▶ SOURCE MATERIAL:

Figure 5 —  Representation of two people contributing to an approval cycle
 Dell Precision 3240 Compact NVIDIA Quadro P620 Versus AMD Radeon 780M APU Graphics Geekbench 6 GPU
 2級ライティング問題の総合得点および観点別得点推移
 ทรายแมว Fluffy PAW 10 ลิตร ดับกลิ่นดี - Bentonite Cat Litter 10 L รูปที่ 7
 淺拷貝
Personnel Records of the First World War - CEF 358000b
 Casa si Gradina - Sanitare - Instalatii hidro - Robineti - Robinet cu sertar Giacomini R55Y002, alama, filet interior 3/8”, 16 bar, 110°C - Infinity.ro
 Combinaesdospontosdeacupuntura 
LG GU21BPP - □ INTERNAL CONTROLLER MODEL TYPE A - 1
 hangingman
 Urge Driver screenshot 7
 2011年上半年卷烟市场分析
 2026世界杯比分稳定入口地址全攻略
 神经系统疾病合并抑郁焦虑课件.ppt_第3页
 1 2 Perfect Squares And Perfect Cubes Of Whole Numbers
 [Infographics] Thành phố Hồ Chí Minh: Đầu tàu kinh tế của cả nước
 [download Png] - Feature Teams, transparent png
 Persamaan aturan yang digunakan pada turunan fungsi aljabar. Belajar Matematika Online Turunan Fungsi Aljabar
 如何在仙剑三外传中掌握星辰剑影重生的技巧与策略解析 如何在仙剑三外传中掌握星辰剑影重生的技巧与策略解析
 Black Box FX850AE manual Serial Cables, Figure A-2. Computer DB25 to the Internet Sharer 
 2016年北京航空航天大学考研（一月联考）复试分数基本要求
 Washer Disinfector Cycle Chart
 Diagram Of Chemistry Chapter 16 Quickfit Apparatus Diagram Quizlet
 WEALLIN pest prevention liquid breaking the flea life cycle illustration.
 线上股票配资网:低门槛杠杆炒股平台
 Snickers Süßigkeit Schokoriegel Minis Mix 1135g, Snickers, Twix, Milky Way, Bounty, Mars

▶ TO DO: In your answer, include only the lines above starting at the line that holds "1 2 Perfect" and ending at the line that holds "Washer Disinfector Cycle Chart", copied exactly.

▶ RESPONSE AREA:
 1 2 Perfect Squares And Perfect Cubes Of Whole Numbers
 [Infographics] Thành phố Hồ Chí Minh: Đầu tàu kinh tế của cả nước
 [download Png] - Feature Teams, transparent png
 Persamaan aturan yang digunakan pada turunan fungsi aljabar. Belajar Matematika Online Turunan Fungsi Aljabar
 如何在仙剑三外传中掌握星辰剑影重生的技巧与策略解析 如何在仙剑三外传中掌握星辰剑影重生的技巧与策略解析
 Black Box FX850AE manual Serial Cables, Figure A-2. Computer DB25 to the Internet Sharer 
 2016年北京航空航天大学考研（一月联考）复试分数基本要求
 Washer Disinfector Cycle Chart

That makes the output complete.